_Activity:_
In the data below, locate the line containing "Miconia tococa" and the line containing "SPN_1052.jpg", then retype both and everything between them exactly. Pictures are not part of the copy.

_Task inputs:_
◆ ◆ ◆ ◆

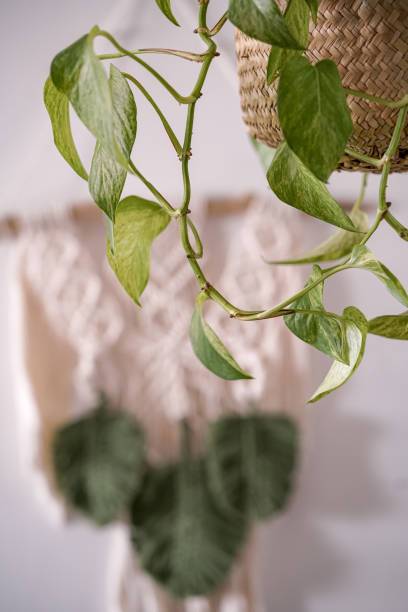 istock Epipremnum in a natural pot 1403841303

◆ ◆ ◆ ◆

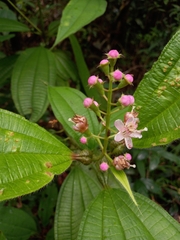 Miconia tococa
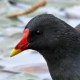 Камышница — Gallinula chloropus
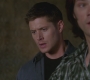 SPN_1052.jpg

◆ ◆ ◆ ◆

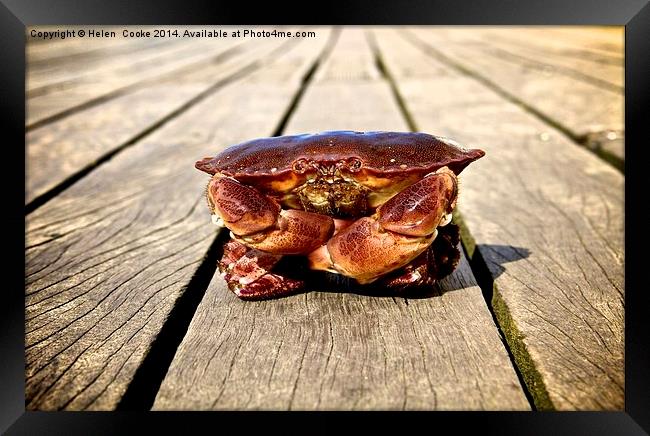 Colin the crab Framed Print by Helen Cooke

◆ ◆ ◆ ◆

_Output for this exercise:_
 Miconia tococa
 Камышница — Gallinula chloropus
 SPN_1052.jpg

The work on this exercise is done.